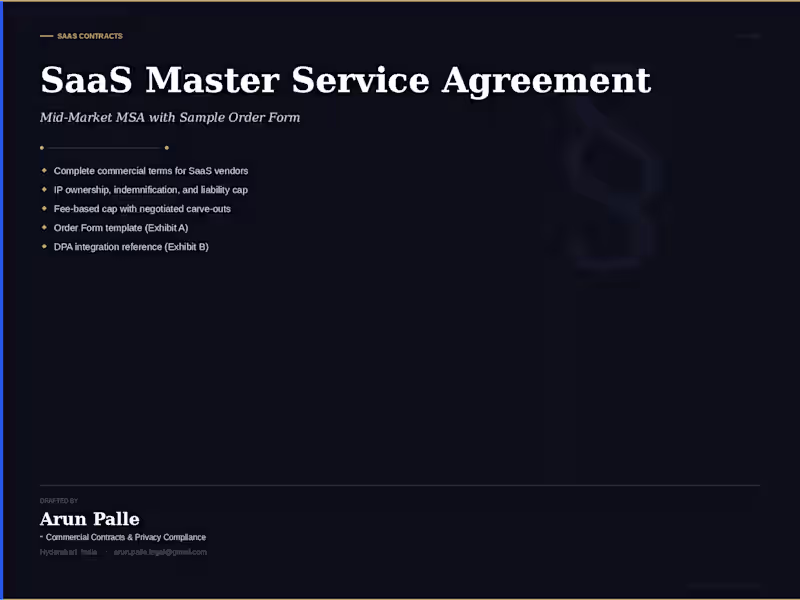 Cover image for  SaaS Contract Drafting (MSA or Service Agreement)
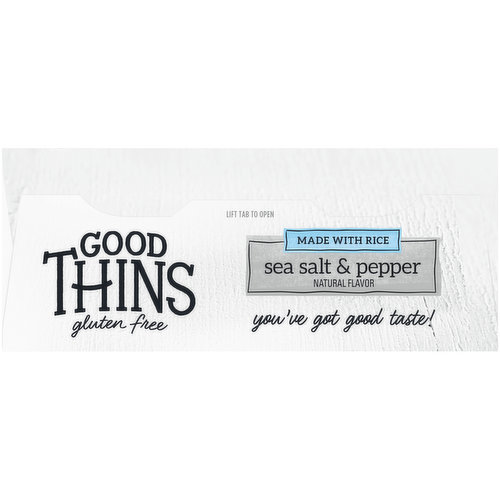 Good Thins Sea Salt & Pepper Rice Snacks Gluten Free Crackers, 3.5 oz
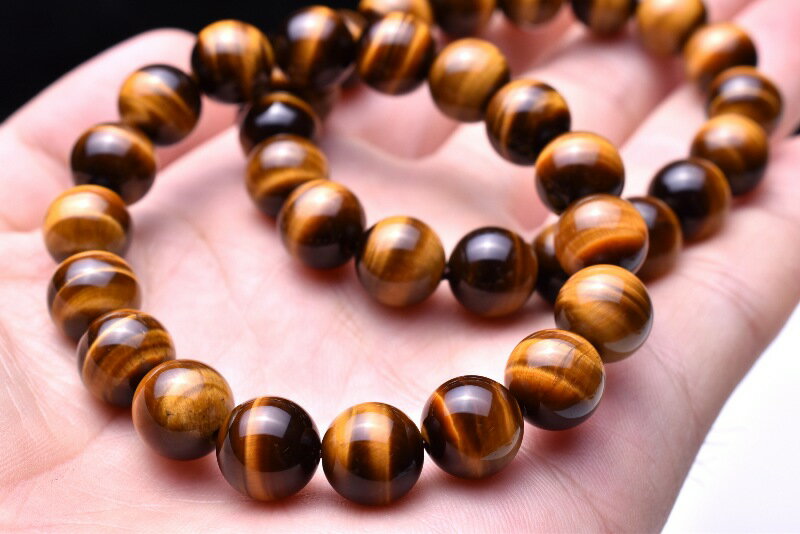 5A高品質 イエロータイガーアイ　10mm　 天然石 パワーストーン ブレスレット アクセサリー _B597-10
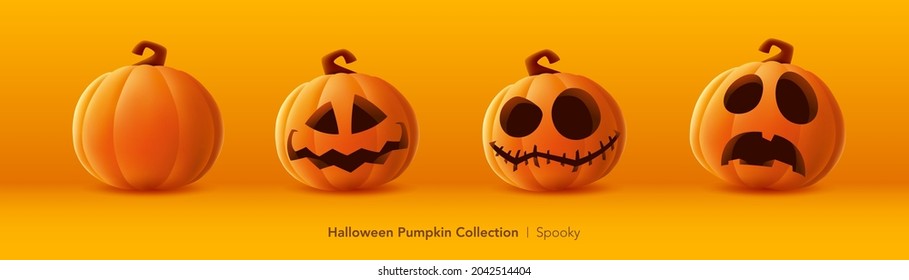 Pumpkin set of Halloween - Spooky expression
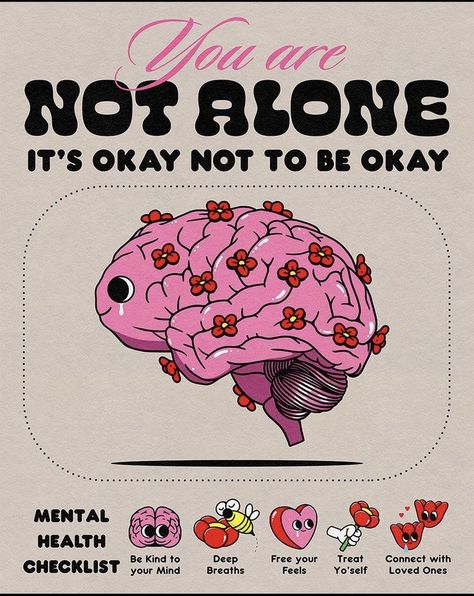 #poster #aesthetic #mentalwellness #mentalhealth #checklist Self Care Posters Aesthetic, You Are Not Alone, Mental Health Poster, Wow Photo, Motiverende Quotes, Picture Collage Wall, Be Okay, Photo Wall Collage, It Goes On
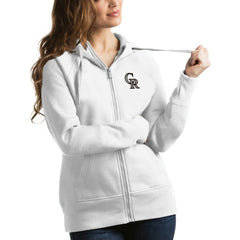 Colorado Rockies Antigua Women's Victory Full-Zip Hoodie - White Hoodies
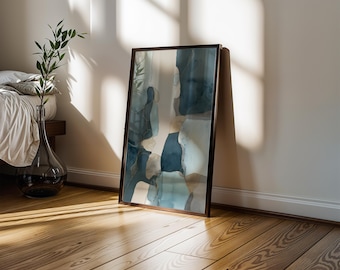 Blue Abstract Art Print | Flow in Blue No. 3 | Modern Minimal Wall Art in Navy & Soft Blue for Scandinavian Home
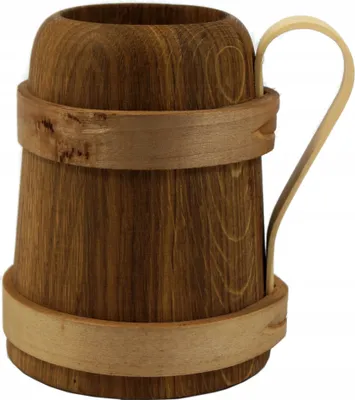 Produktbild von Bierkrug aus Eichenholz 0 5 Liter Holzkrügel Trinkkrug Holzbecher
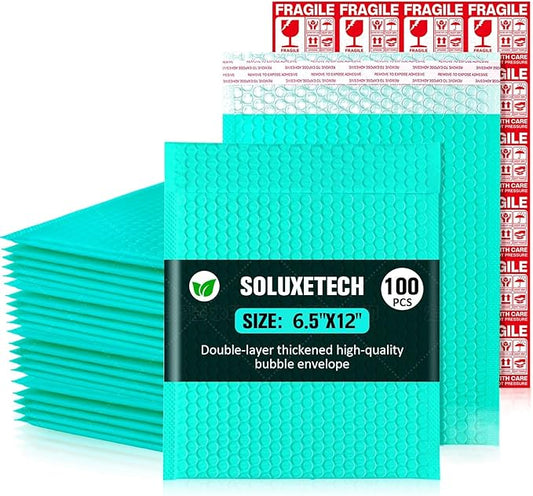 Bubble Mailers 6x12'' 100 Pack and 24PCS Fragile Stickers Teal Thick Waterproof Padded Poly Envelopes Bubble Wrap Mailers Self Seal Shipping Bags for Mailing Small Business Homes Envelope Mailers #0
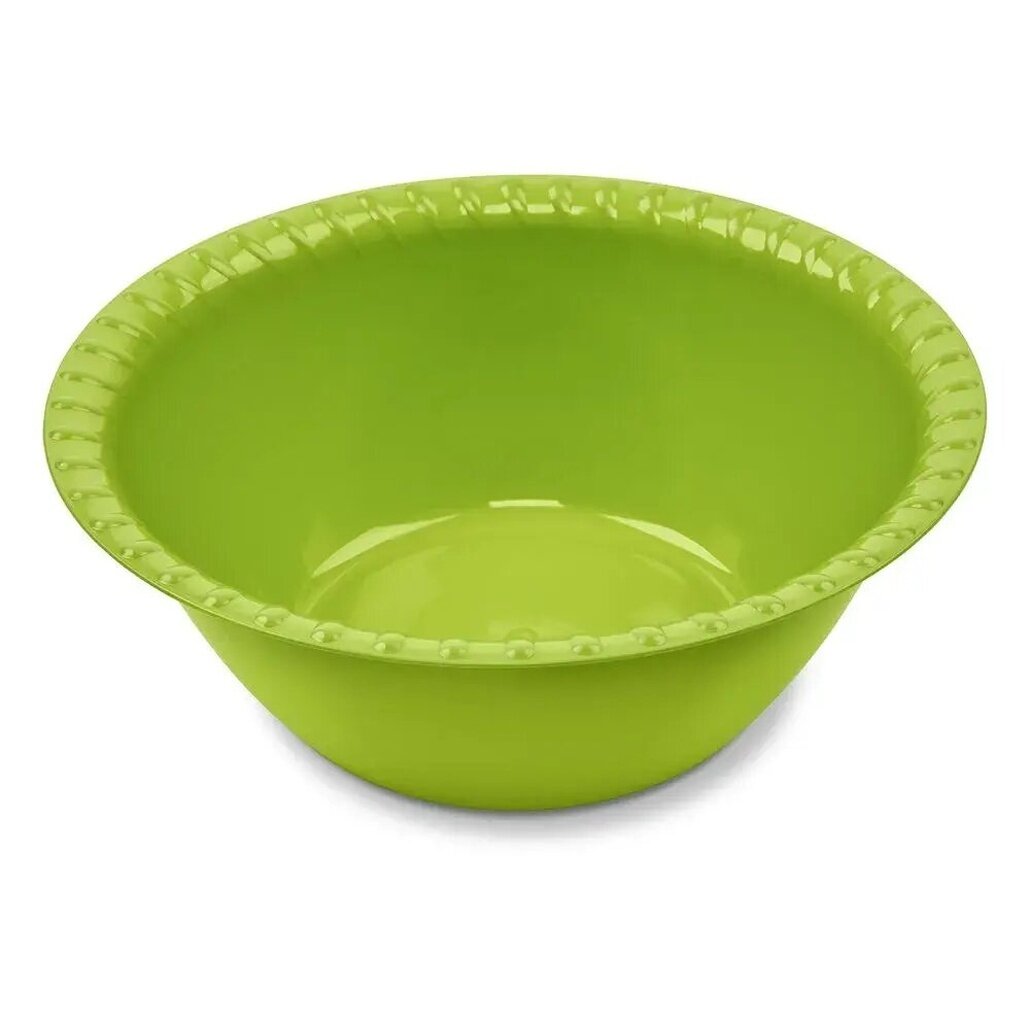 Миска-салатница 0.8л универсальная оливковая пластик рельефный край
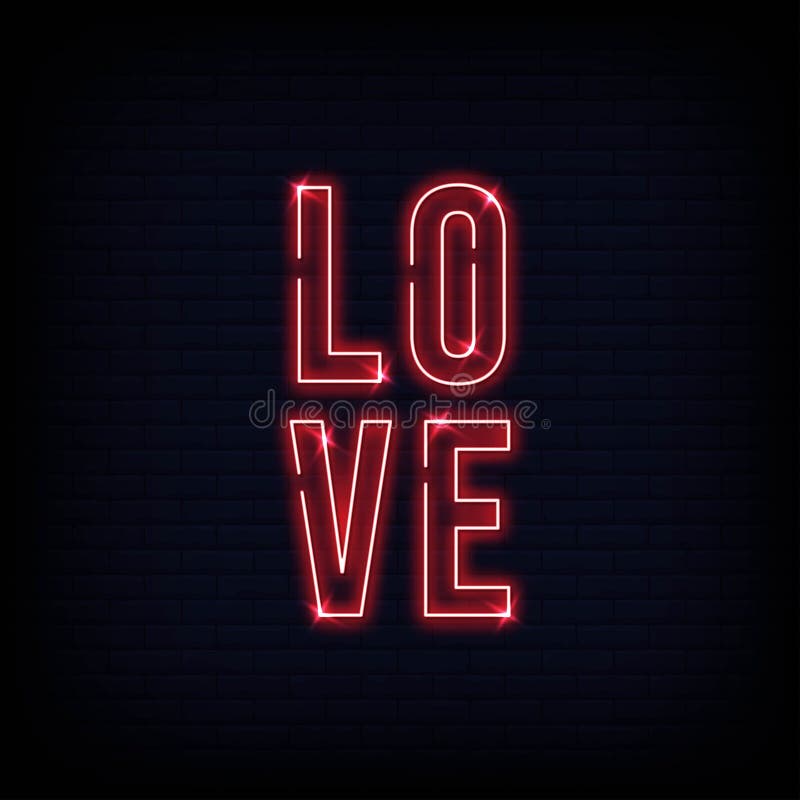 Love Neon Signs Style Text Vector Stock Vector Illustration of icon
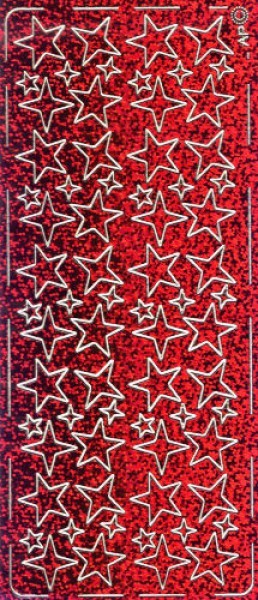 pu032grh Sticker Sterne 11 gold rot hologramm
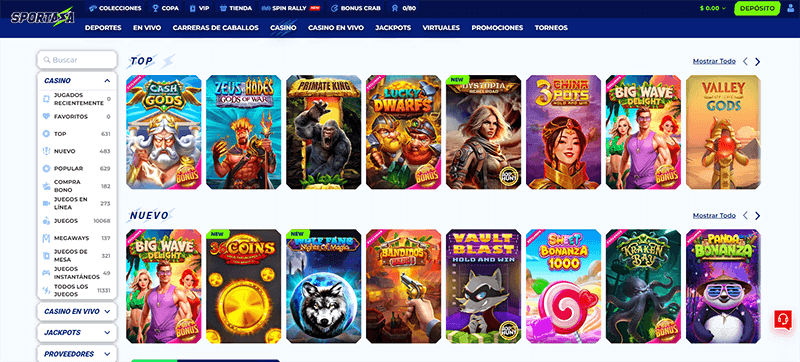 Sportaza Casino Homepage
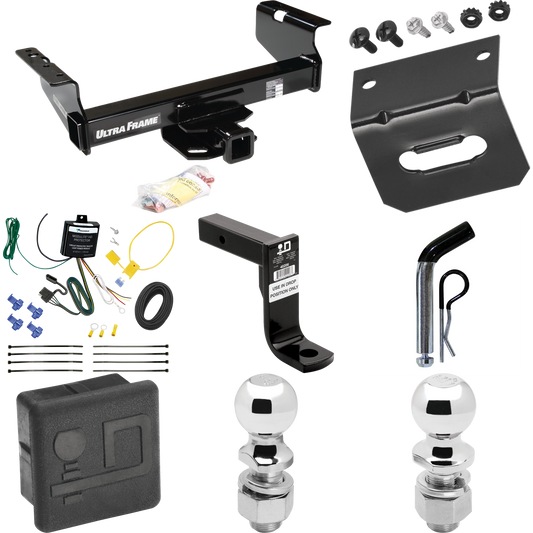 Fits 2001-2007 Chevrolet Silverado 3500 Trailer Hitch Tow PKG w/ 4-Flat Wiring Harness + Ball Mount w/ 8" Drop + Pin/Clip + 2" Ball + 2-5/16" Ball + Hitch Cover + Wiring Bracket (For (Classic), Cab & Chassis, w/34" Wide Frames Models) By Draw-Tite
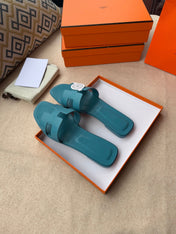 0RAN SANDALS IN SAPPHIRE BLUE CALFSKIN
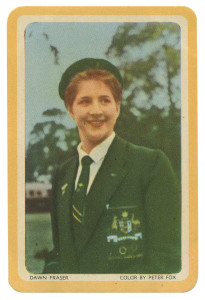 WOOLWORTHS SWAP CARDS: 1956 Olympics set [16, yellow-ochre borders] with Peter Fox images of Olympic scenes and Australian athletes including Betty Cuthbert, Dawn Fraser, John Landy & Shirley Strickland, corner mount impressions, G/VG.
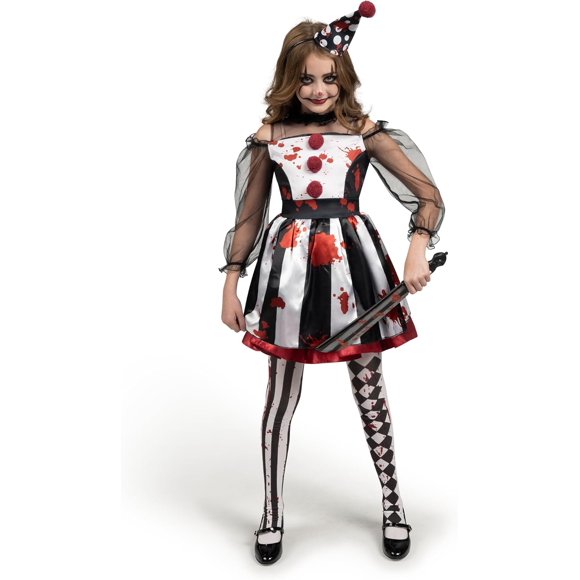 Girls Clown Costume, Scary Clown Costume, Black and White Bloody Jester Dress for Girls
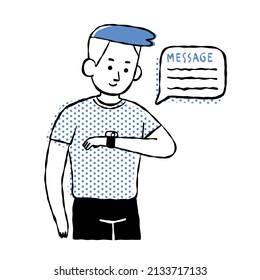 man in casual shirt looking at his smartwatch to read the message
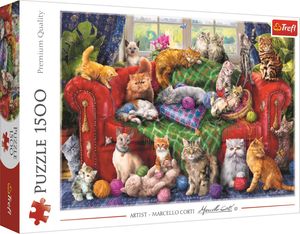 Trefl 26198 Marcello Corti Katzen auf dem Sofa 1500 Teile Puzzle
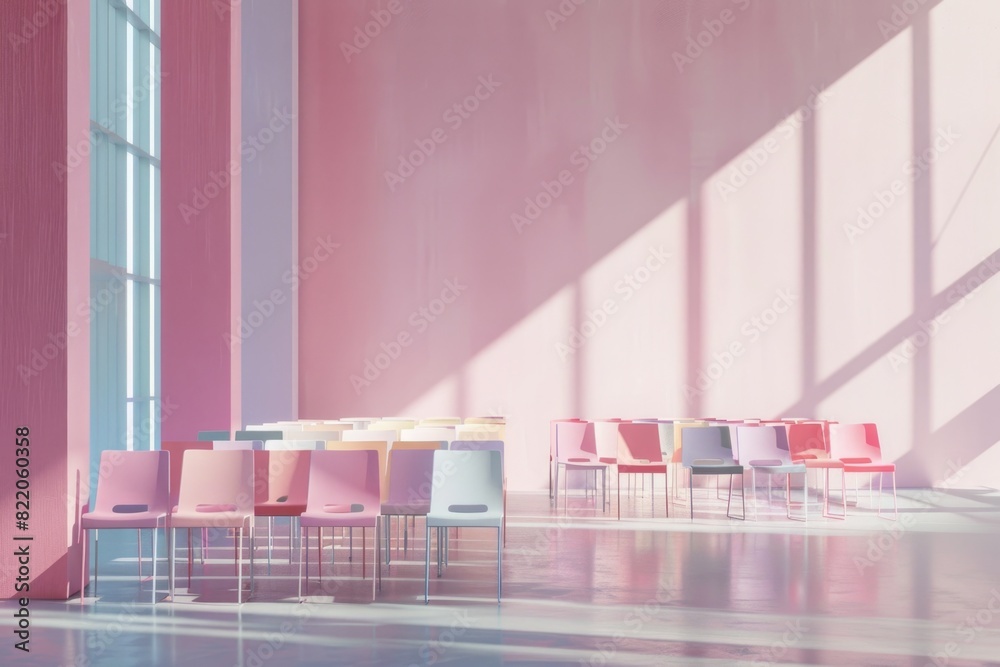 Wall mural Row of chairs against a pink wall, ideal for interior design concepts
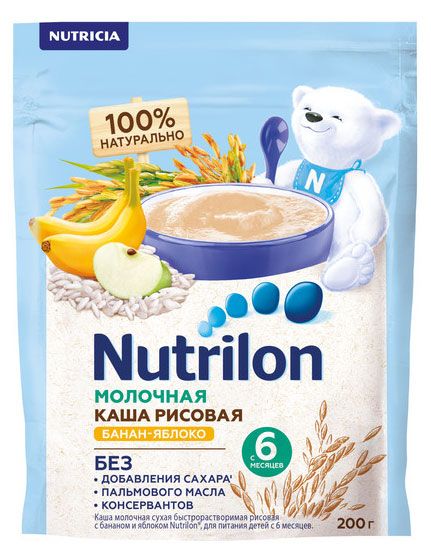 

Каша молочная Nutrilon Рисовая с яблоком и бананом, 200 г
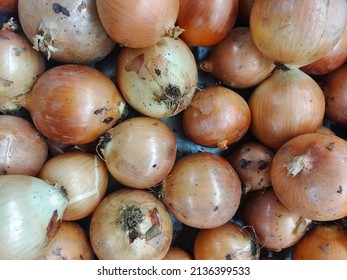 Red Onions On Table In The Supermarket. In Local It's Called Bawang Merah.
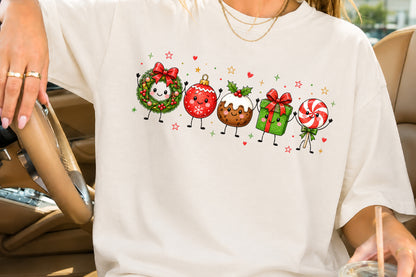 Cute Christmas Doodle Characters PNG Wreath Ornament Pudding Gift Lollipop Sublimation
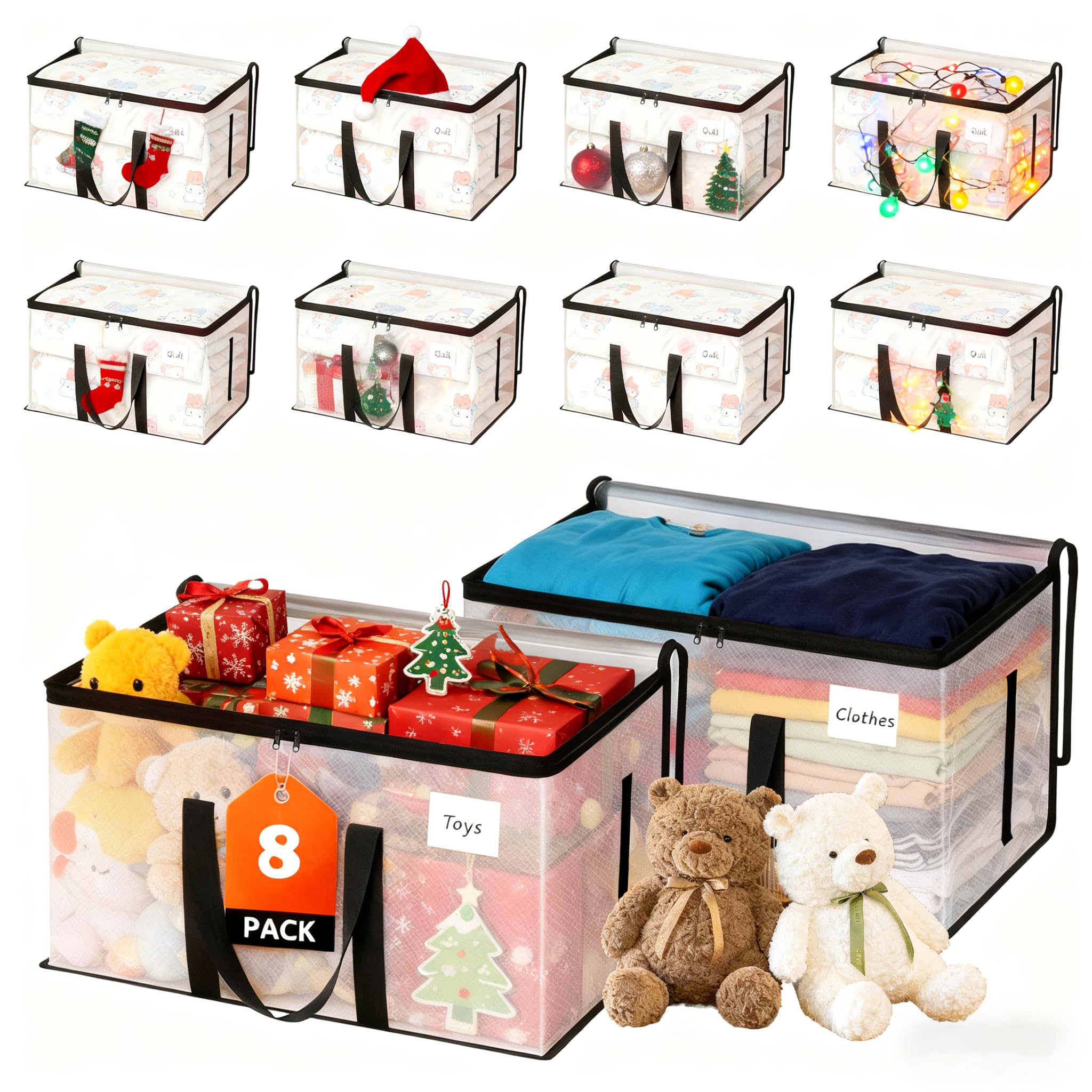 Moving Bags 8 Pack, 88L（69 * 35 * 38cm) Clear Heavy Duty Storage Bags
______________________________
# GOAL OF THE EXERCISE
If a record holds a picture, drop the picture and reproduce everything else exactly.

# WRITTEN RESPONSE
 Cover image for  SaaS Contract Drafting (MSA or Service Agreement)
 Good Thins Sea Salt & Pepper Rice Snacks Gluten Free Crackers, 3.5 oz
 5A高品質 イエロータイガーアイ　10mm　 天然石 パワーストーン ブレスレット アクセサリー _B597-10
 Pumpkin set of Halloween - Spooky expression
 #poster #aesthetic #mentalwellness #mentalhealth #checklist Self Care Posters Aesthetic, You Are Not Alone, Mental Health Poster, Wow Photo, Motiverende Quotes, Picture Collage Wall, Be Okay, Photo Wall Collage, It Goes On
 Colorado Rockies Antigua Women's Victory Full-Zip Hoodie - White Hoodies
 Blue Abstract Art Print | Flow in Blue No. 3 | Modern Minimal Wall Art in Navy & Soft Blue for Scandinavian Home
 Produktbild von Bierkrug aus Eichenholz 0 5 Liter Holzkrügel Trinkkrug Holzbecher
 Bubble Mailers 6x12'' 100 Pack and 24PCS Fragile Stickers Teal Thick Waterproof Padded Poly Envelopes Bubble Wrap Mailers Self Seal Shipping Bags for Mailing Small Business Homes Envelope Mailers #0
 Миска-салатница 0.8л универсальная оливковая пластик рельефный край
 Love Neon Signs Style Text Vector Stock Vector Illustration of icon
 pu032grh Sticker Sterne 11 gold rot hologramm
 Sportaza Casino Homepage
 Fits 2001-2007 Chevrolet Silverado 3500 Trailer Hitch Tow PKG w/ 4-Flat Wiring Harness + Ball Mount w/ 8" Drop + Pin/Clip + 2" Ball + 2-5/16" Ball + Hitch Cover + Wiring Bracket (For (Classic), Cab & Chassis, w/34" Wide Frames Models) By Draw-Tite
 0RAN SANDALS IN SAPPHIRE BLUE CALFSKIN
 WOOLWORTHS SWAP CARDS: 1956 Olympics set [16, yellow-ochre borders] with Peter Fox images of Olympic scenes and Australian athletes including Betty Cuthbert, Dawn Fraser, John Landy & Shirley Strickland, corner mount impressions, G/VG.
 Girls Clown Costume, Scary Clown Costume, Black and White Bloody Jester Dress for Girls
 man in casual shirt looking at his smartwatch to read the message
 Trefl 26198 Marcello Corti Katzen auf dem Sofa 1500 Teile Puzzle
 Wall mural Row of chairs against a pink wall, ideal for interior design concepts

Каша молочная Nutrilon Рисовая с яблоком и бананом, 200 г
 Red Onions On Table In The Supermarket. In Local It's Called Bawang Merah.
 Cute Christmas Doodle Characters PNG Wreath Ornament Pudding Gift Lollipop Sublimation
 Moving Bags 8 Pack, 88L（69 * 35 * 38cm) Clear Heavy Duty Storage Bags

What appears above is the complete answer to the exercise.